> **Task statement**
Below is a block of records: output all of them exactly and leave out the pictures.
** Opening Information given block **
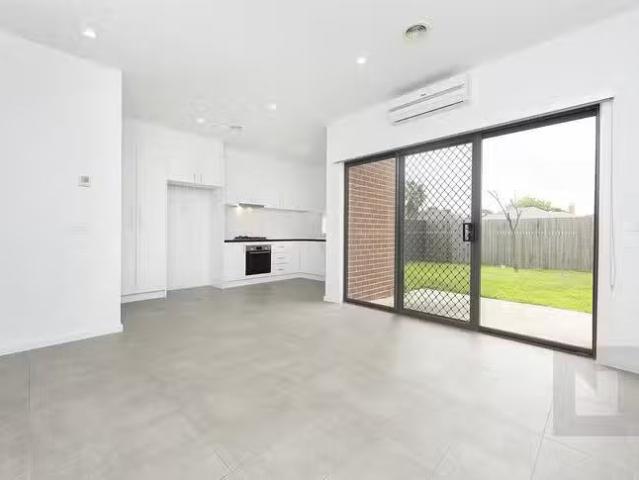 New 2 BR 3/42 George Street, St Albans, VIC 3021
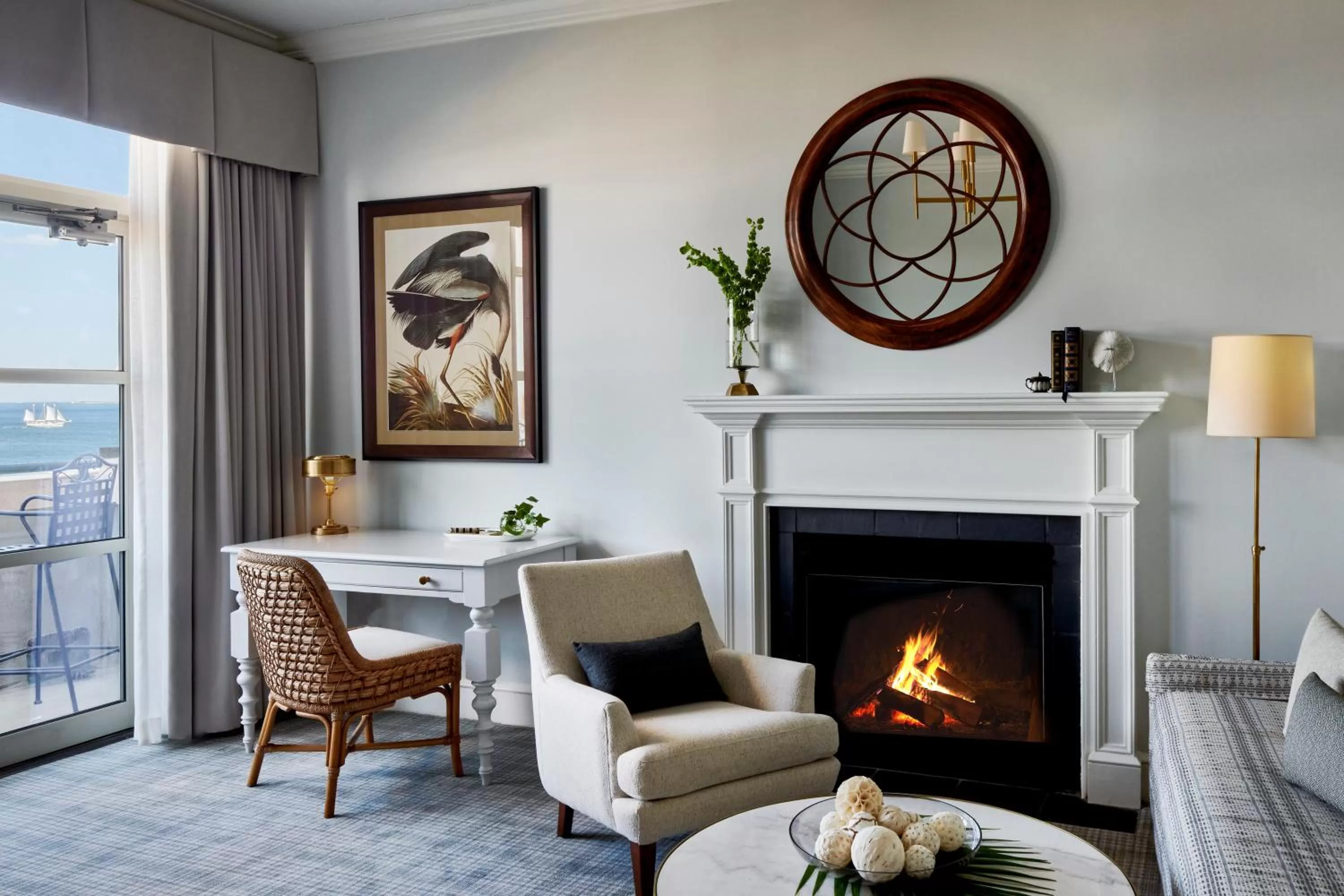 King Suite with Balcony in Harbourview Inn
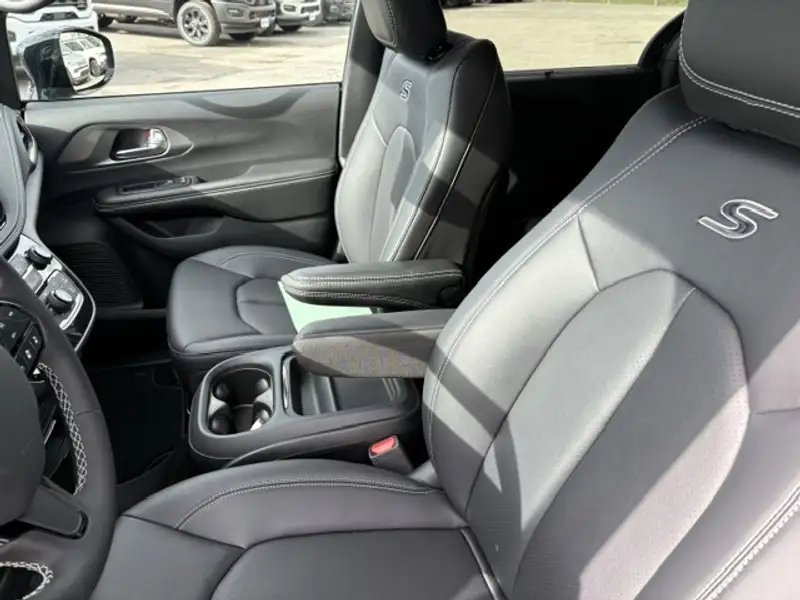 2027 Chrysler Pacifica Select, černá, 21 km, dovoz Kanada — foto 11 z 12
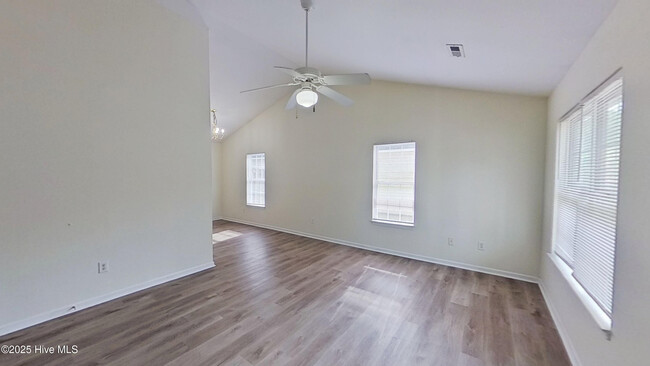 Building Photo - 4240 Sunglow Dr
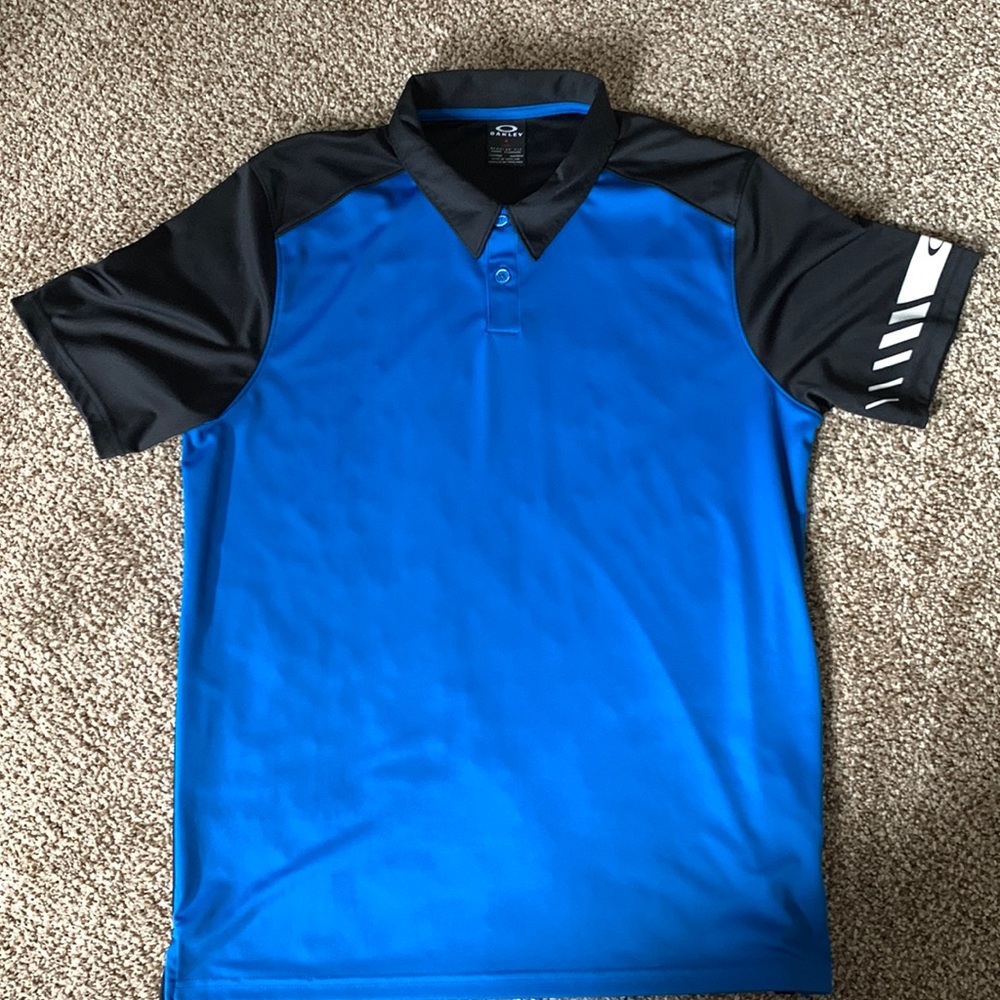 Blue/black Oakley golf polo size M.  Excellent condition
** Closing Information given block **
> **The answer**
 New 2 BR 3/42 George Street, St Albans, VIC 3021
 King Suite with Balcony in Harbourview Inn
 2027 Chrysler Pacifica Select, černá, 21 km, dovoz Kanada — foto 11 z 12
 Building Photo - 4240 Sunglow Dr
 Blue/black Oakley golf polo size M.  Excellent condition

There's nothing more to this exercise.